# Out of this world - Interview with Neil Armstrong



## GaryFish (Sep 7, 2007)

OK. So I know it has nothing to do with the outdoors, or fishing/hunting in Utah, but it is exceptional and worth sharing. Neil Armstrong granted an exclusive interview to a group in Australia and they have posted that interview. If you have any kind interest in that part of our history, it is worth the time to check it out.

http://thebottomline.cpaaustralia.com.au/


----------



## wyogoob (Sep 7, 2007)

Thanks Gary. I finally finished watching the last of the series last night.

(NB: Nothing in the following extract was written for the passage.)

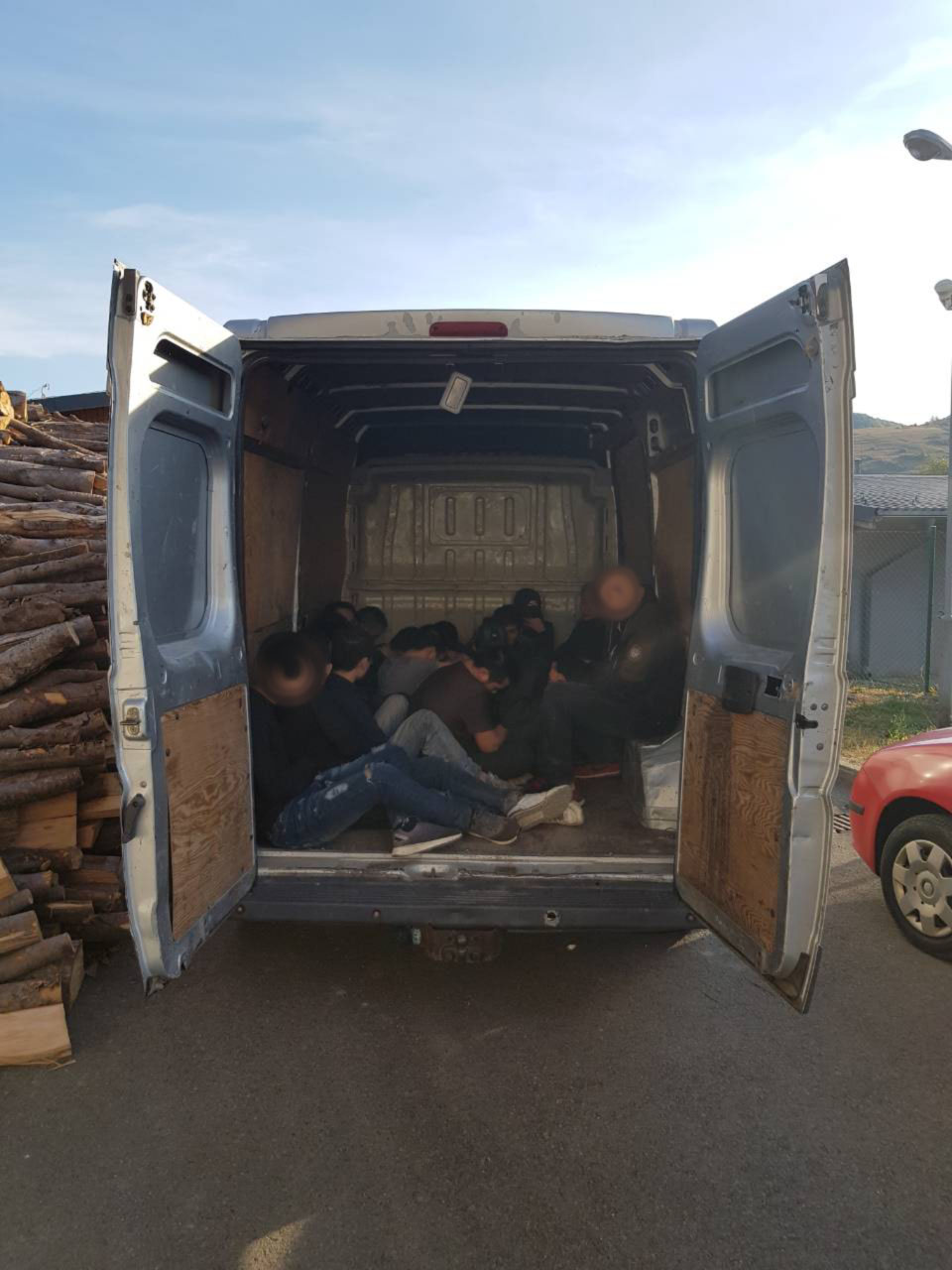 У результаті масштабної спецоперації нейтралізовано транскордонний канал нелегальної міграції через Закарпаття до ЄС (ФОТО, ВІДЕО)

What a great part of American history and what a hero Neil Armstrong was.


----------



## GaryFish (Sep 7, 2007)

Glad you enjoyed it Goob. I made my kids sit down and we watched all the segments together as a family one night. My only thing is I wish we had watched it before we went to the Smithsonian Air & Space Museum a couple years ago. That would have been far more meaningful if we would have done that.


----------



## Bax* (Dec 14, 2008)

What a cool video! I loved how humble Neil Armstrong was. Considering what an amazing feat he had accomplished with his crew, he didnt toot his horn and say "hey, look at how awesome I am." I wish we still had people like that to look to in the world today.



JFK said:


> "We choose to do ... these things, not because they are easy but because they are hard."


----------



## GaryFish (Sep 7, 2007)

Armstrong is an interesting dude. After his NASA career, he became an engineering professor in Ohio and pretty much disappeared from the public view, unlike Aldrin. Which is interesting in its own right. It had been decades since he had done any kind of recorded interview. I think of how much I learned from this interview, and how much my kids learned. I love his humble approach. At the same time, I am kind of sad he hasn't done more interviews. Not to toot his own horn, but to do as he did in this interview - talk about problem solving, team work, overcoming obstacles, etc.... So many could benefit from his humble yet interesting demeanor. There were so many lessons in leadership, vision, work, and life in this. From a guy that has an instant hook. Many people could really benefit from his message. I wish he would share it more.


----------



## Bax* (Dec 14, 2008)

GaryFish said:


> Armstrong is an interesting dude. After his NASA career, he became an engineering professor in Ohio and pretty much disappeared from the public view, unlike Aldrin. Which is interesting in its own right. It had been decades since he had done any kind of recorded interview. I think of how much I learned from this interview, and how much my kids learned. I love his humble approach. At the same time, I am kind of sad he hasn't done more interviews. Not to toot his own horn, but to do as he did in this interview - talk about problem solving, team work, overcoming obstacles, etc.... So many could benefit from his humble yet interesting demeanor. There were so many lessons in leadership, vision, work, and life in this. From a guy that has an instant hook. Many people could really benefit from his message. I wish he would share it more.


Good insight. A guy like that could really inspire rising generations to reach beyond the mark and do amazing things


----------